Michelin’s 2048 Ambitions: 100 percent of tires will be Recycled

Today, the world-wide recovery rate for tires is 70 percent and the recycling rate is 50 percent. Michelin tires are currently made using 28 percent sustainable materials (26 percent bio-sourced materials like natural rubber, sunflower oil, limonene etc., and 2 percent recycled materials such as steel or recycled powdered tires). For a sustainable future, Michelin is investing in high technology recycling technologies to be able to increase this content to 80 percent sustainable materials.

Sustainable Materials

The route to this ambitious sustainable material target will be achieved by research programs into bio-sourced materials like Biobutterfly and working with Michelin’s high-level partners, and the advanced technologies and materials that are being developed in these partnerships. The Biobutterfly program was launched in 2012 with Axens and IFP Energies Nouvelles to create synthetic elastomers from biomass such as wood, straw or beet.

Michelin is developing innovative solutions today in order to integrate more and more recycled and renewable materials in its tires, while continuing to improve performance, including 30 percent of recycled materials by 2048. This is demonstrated by the recent acquisition of Lehigh, a specialist in high technology micro powders which are derived from recycled tires.

Lehigh Technologies is a specialty chemical company that is part of the High Technology Materials Business Unit of Michelin. Lehigh is the leader in the market place for Micronized Rubber Powders (MRP), a sustainable raw material that reduces feedstock costs by up to 50 percent and delivers performance without compromise across a wide range of markets. Lehigh makes

sustainability an unbeatable proposition – we call it ‘Green for free’.

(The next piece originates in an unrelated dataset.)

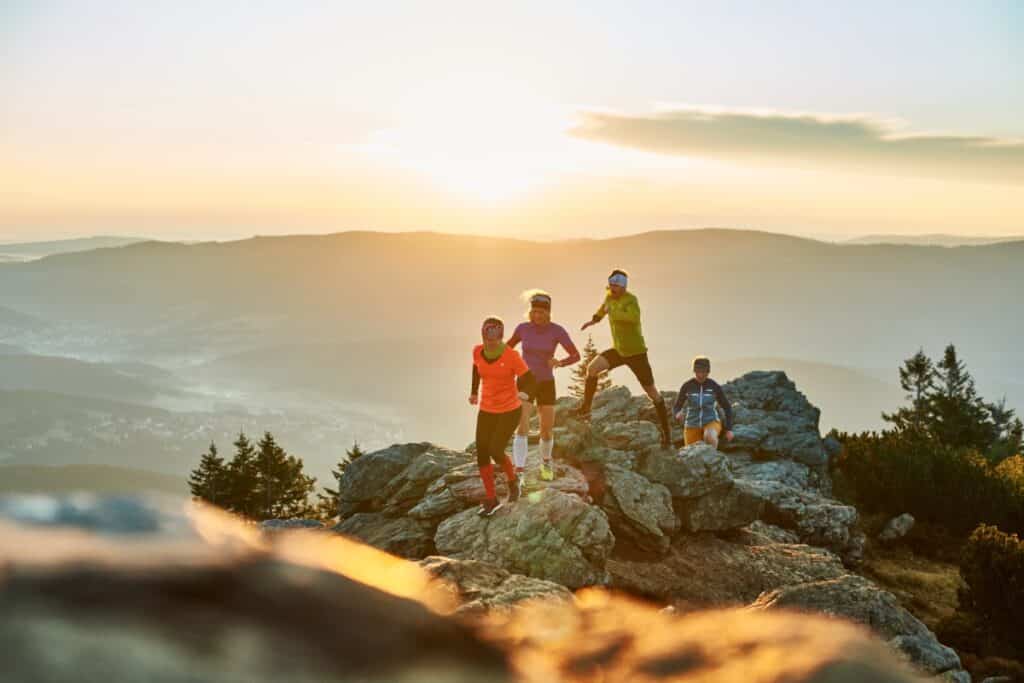Vier sportlich gekleidete Personen stehen bei Sonnenaufgang auf einem felsigen Gel&auml;nde und blicken auf neblige Berge und T&auml;ler.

MRP replaces oil- and rubber-based feedstocks in a wide range of industrial and consumer applications, including high performance tires, plastics, consumer goods, coatings, sealants, construction materials and asphalt. Lehigh technical experts collaborate with customers to optimize products for each application.

Commenting on this venture, Christophe Rahier, Director of the High Technology Materials Business Line at Michelin said: ‘This acquisition demonstrates Michelin's strategic determination to capitalize on its expertise in high-tech materials, in areas that extend beyond the field of tires. In particular, by promoting the use of innovative recycled materials from tires in a variety of non-pneumatic industrial sectors’.

Recycling

In 2018, according to the World Business Council for Sustainable Development it is estimated that 1 billion of end of life tires are generated worldwide, representing around 25 million tons. Within this total, 70 percent of tires are recovered and 50 percent are recycled every year on average. This 50 percent is the amount of recycled material, into products such as rubber used in sports surfaces, and the additional 20 percent is transformed into energy.

By comparison, 14 percent of plastic containers or packages are recovered each year (source https://newplasticseconomy.org), and the car industry has a target of 3.5 percent recycling rate.

Michelin is investing in high technology recycling so that by 2048 tires are 100% recycled for the vehicles of the future.